Microsoft is set to spend US$15 billion on cloud computing data centres this year, up from US$8 billion last year, building new facilities on average at a rate of one per week.
That was just a few of the mind boggling statistics that Microsoft East Region Vice President Karen Del Vescovo shared Tuesday US time with 150 IT leaders at cloud computing superstar solution provider GreenPages' 20th annual Cloudscape Summit at Portsmouth, USA.
Microsoft chief financial officer Amy Hood will effectively "write a US$15 billion cheque" for the cloud data centres that Microsoft will build this year, said Del Vescovo.
"Not many CFOs get to do that," she said. "That is pretty impressive.

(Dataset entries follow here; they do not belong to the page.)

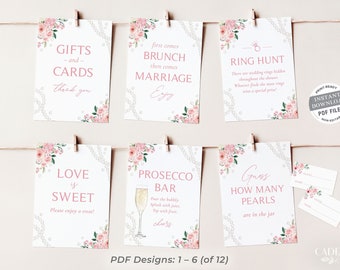 Petals and Prosecco Bridal Shower Signs for Pearls and Prosecco Bridal Shower with Pink Decor, Printable PDF Signs with raffle tickets P12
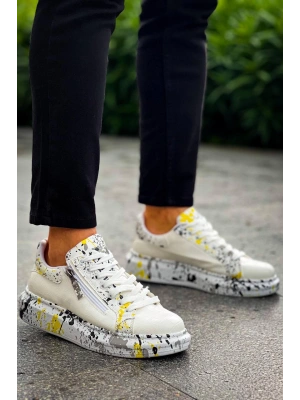 Kb-02 Kuback Bağcıklı Crocodile Beyaz Sarı Günlük Erkek Ayakkabı Erkek Günlük Ayakkabı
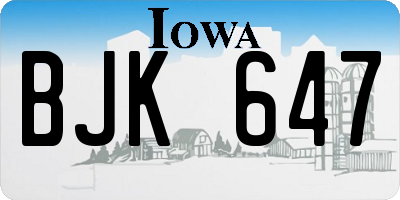 IA license plate BJK647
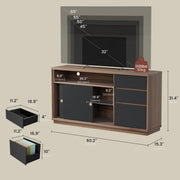 ModernMate 60" File Cabinet with 3 Drawer, Large Storage Sideboard, Filing Cabinet with Built-in Outlet and Adjustable Shelf for Living Room Study Home Office, 15.4" D x 60.2" W x 31.5" H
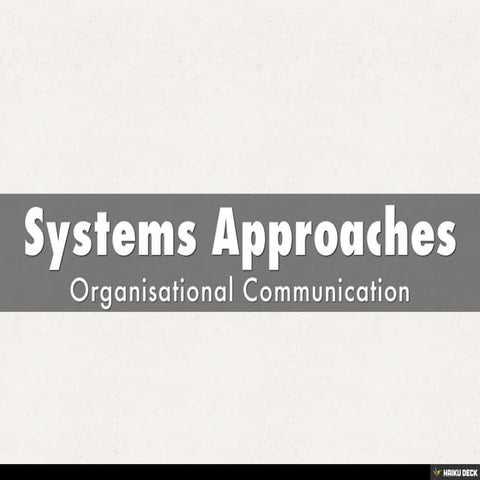 Systems Approaches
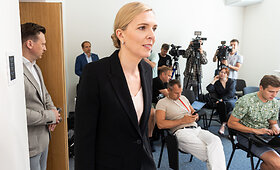 Vidaus reikalų ministrės Agnės Bilotaitės ir Vilniaus miesto mero Valdo Benkunsko spaudos konferencija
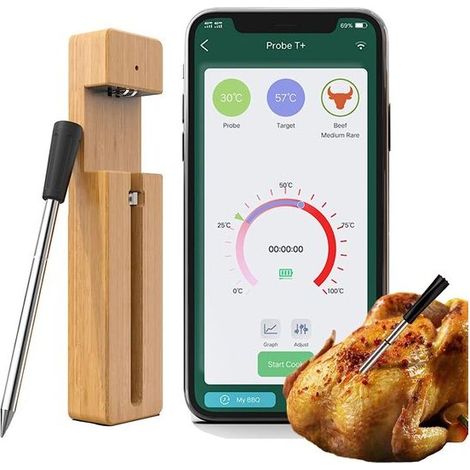 Termometro di carne wireless con Bluetooth applicazione, termometro, BARBECUE in acciaio inox forno a legna e grill, nero (1/5)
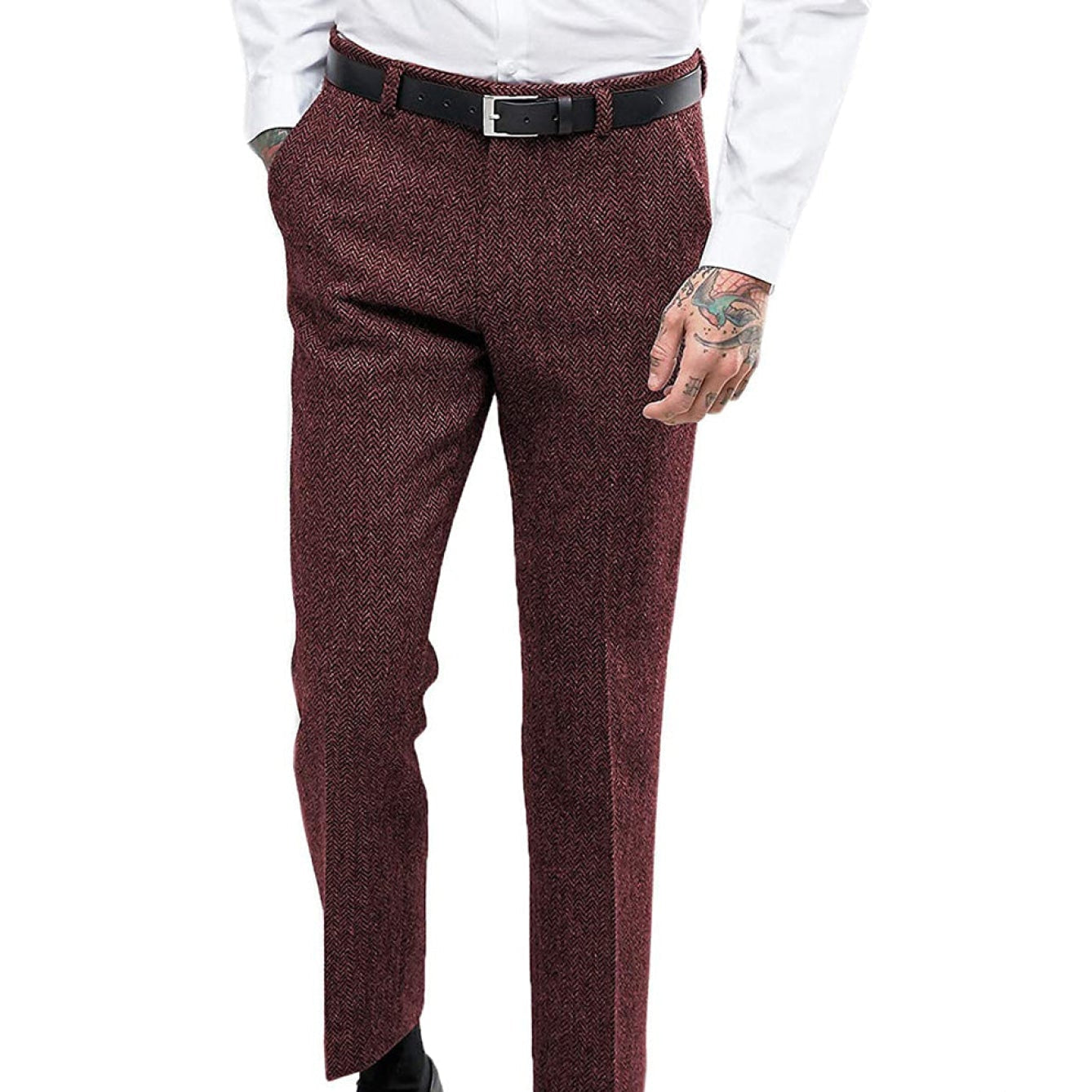 Men's Retro Suit Pants Herringbone Tweed Trousers
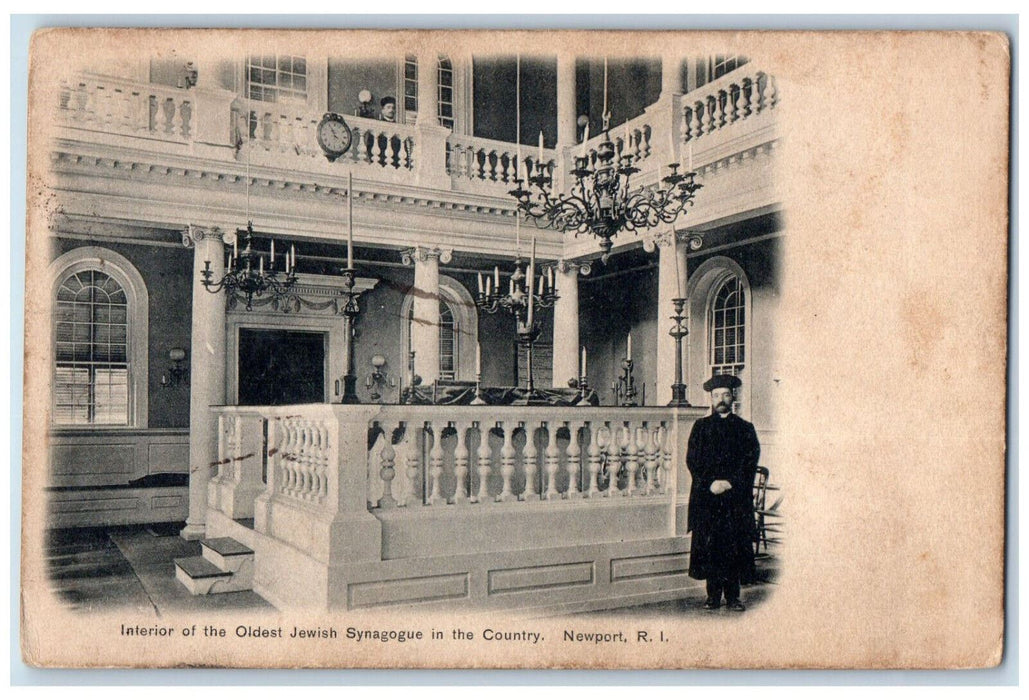 Interior Of The Oldest Jewish Synagogue Newport Rhode Island RI Postcard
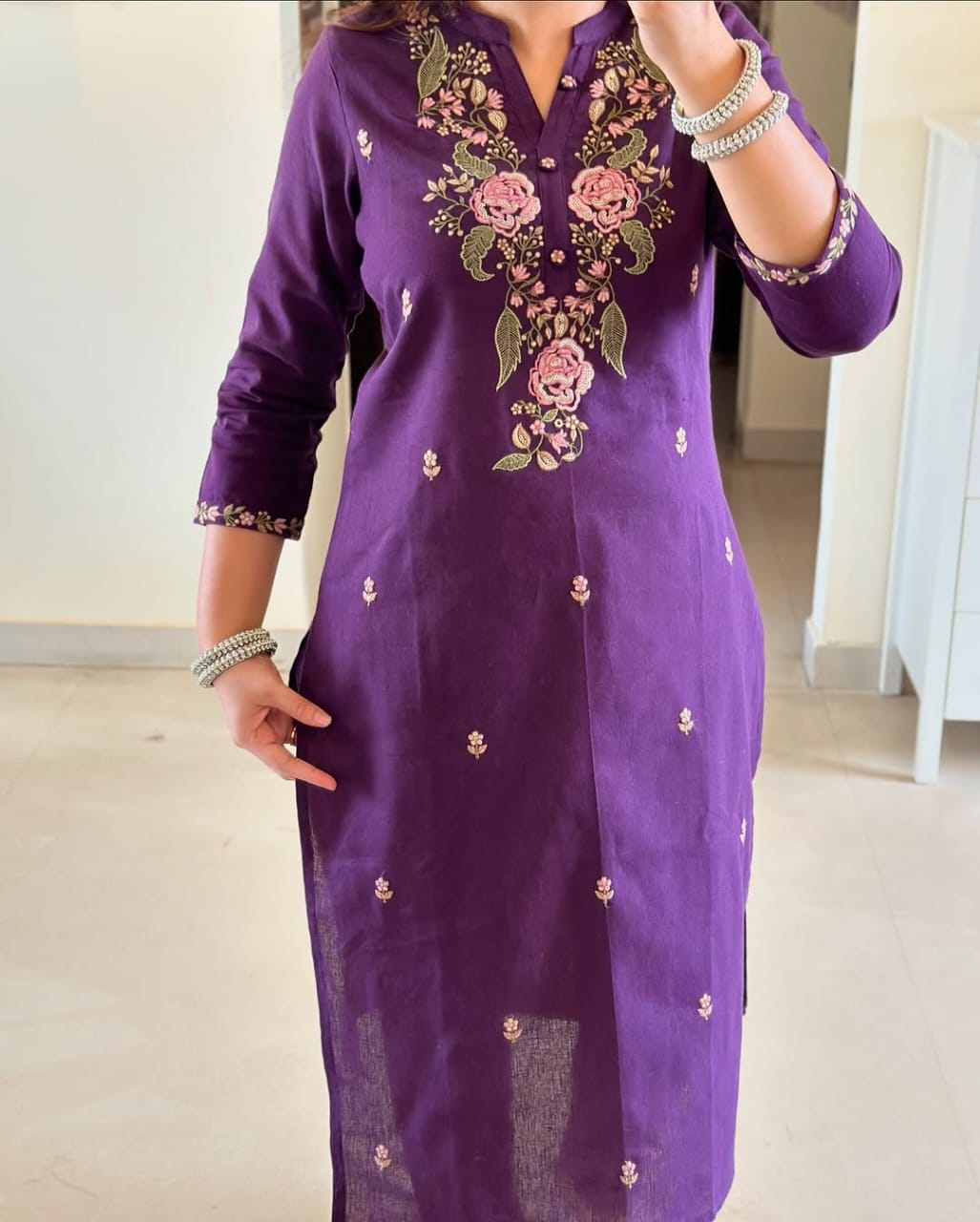 JKM0051 Beautiful pure cotton 60-60 super dying embroidery suit set paired up with cotton pant and malmal cotton dupatta with tussles.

She is well aligned with (Microsoft CEO) Satya (Nadella) on how we are going to continue to build this vision out."
Microsoft now has more global data regions than any other provider with 34 data centres around the globe, more than double Amazon Web Services and Google combined, said Del Vescovo. "We are continuing to build out data centres, maintaining this hyper-scale capacity as we move forward," she said.
There are now 1.6 million SQL databases running on Azure; 2 trillion messages per month processed by Azure Internet of Things platform; 777 trillion storage transactions per day, with over 500 million users now in Azure active directory, said Del Vescovo.
Microsoft is adding on average over 120,000 Azure subscribers per month, up from just 60,000 per month, said Del Vescovo, with 40 percent of Microsoft's sales now coming from startups and ISVs, said Del Vescovo.
"You should feel some sense of anxiety if you are not already getting there because everybody else is rushing to really disrupt your industry," she told IT leaders.
Over 85 percent of the Fortune 500 use Microsoft cloud products with more than 60 percent of them using more than three cloud products from the company, said Del Vescovo.
Microsoft is now a leader in 17 of the Gartner Data Center magic quadrants compared with six for Salesforce.com, three for Amazon Web Services, and one for Google, said Del Vescovo.
Del Vescovo praised Nadella, who took the helm at the company in February 2014, for driving a cultural change that has powered Microsoft's cloud computing growth.
Nadella has done a "masterful job" of driving a cultural transformation eliminating silos and business groups that created a lot of competition internally, said Del Vescovo.
"He has really broken that down so that we can optimise all the resources across the organisation and really bring solutions to life regardless of what business group they come from," she said.